He spots her out of the corner of his eye and he feels himself break out in a grin, and he doesn’t give a damn that it’s corny as hell. He waves and Alicia spots him too and the hug she gives him is like coming home. She smells like cherries and summer and he breathes her in. 

They catch up as they walk toward an ice cream place on the street corner, laughing and talking and it’s still the easiest thing, he thinks, to be next to her. Three months and nothing’s changed. It makes him feel brave. 

“I finally ended it with Helena,” he says, out of the blue, and it stops her in her tracks. They’d been on a break anyway, after spring break. It was only a matter of time. Will hears the blood roaring in his head. 
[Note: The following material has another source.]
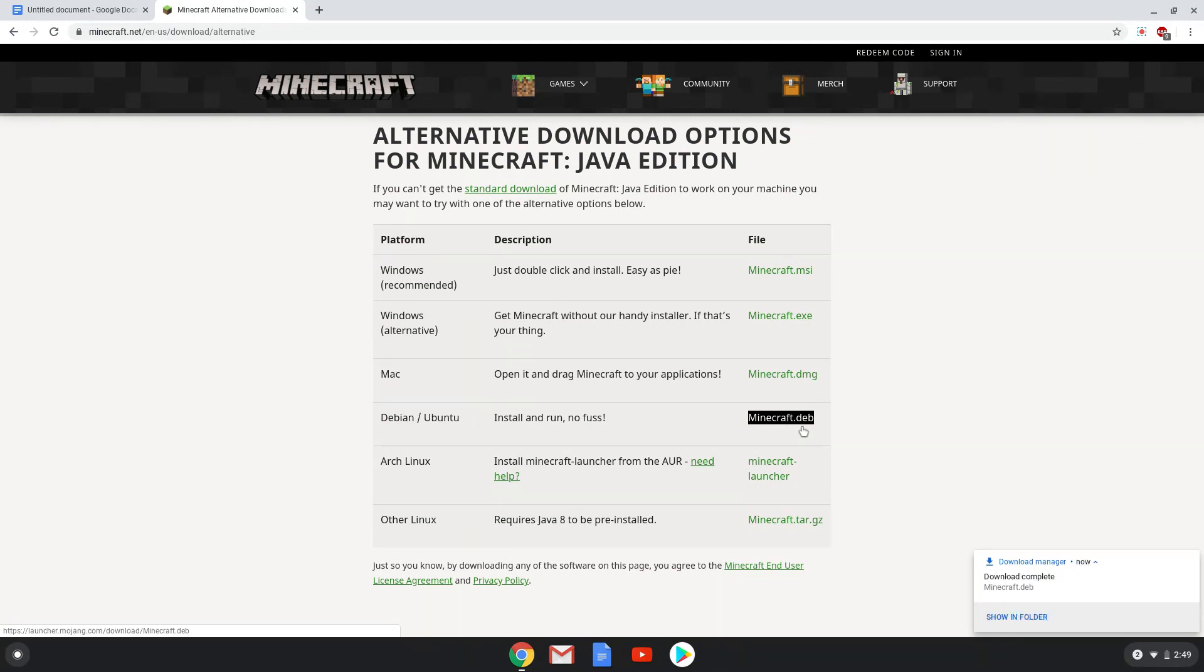Now we will open our file manager and move the installation package to our Linux folder.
“Why?” she asks, genuinely concerned, and he wants to yell, “Because I love you, damn it!” at the top of his lungs with a boombox on his shoulder, dramatic, like in a crappy movie. He doesn’t, because this is reality, so he says something about long-distance instead and how difficult it’s become. 

“Well, that fills me with confidence.” Alicia twists a curl around her index finger and thumb, bites her lip, worried. 
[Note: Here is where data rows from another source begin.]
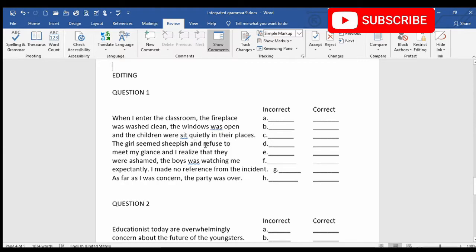And the children were sitting quietly in their places. Then the next line: the girl seemed sheepish and refused to — again here there is a mistake in the tense. The word 'refuse' will become 'refused.' And I realized that they — again there is a mistake in tense. The word 'realize' will become 'realized.'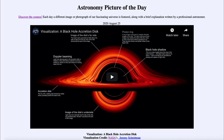We'll be back again tomorrow for the next picture, previewed to be Swan and Galaxy. We'll see what that is about tomorrow. Until then, have a great day everyone, and I will see you in class.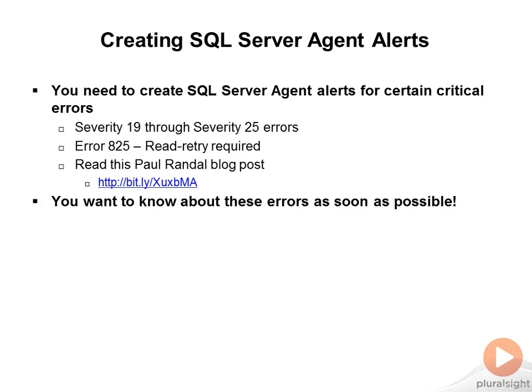You want to know about these errors as soon as possible. You want to make sure to configure a response for each one of these alerts.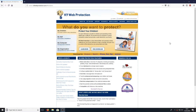Hello and welcome back to another Computer Sluggish tutorial. In today's video we are going to be taking a look at K9 Web Protection. This application allows you to protect your children from accessing any dodgy websites that you obviously wouldn't want them to go on.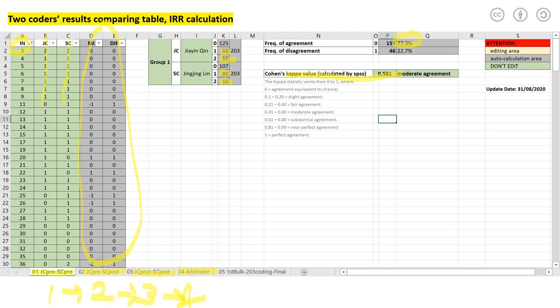So the same procedure repeats from 1 to 2 to 3 to 4. And then in the end, hopefully, the results will be everybody agree on what to include and what to exclude. And ideally, there will be no unresolved coding in the citations.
“Why? Leesh, what’s going on?” 

Will has never been one for premonition, but he feels it today, because he just knows, somehow, that she’s going to tell him she met someone. Fuck. 
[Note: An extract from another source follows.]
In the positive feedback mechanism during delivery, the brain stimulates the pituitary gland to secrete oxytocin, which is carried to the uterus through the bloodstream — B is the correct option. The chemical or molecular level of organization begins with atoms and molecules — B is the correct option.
Peter Florrick, he finds out later, was a junior associate at Crozier, Abrams & Abbot. He graduated from UChicago, and is about to clerk on the 7th Circuit. 

Will should be impressed; instead, he feels vaguely sick.

He remembers back in 1L, when she told him office romances were too cliched, just messy distractions. 

Clearly, people change.

Peter comes to visit over Thanksgiving break, when Will and Alicia and everyone else is deep in cases and legal briefs, tired and running on empty. She skips out on one of their Thursday night study sessions to see Peter for drinks and Will pretends that it isn’t a big deal.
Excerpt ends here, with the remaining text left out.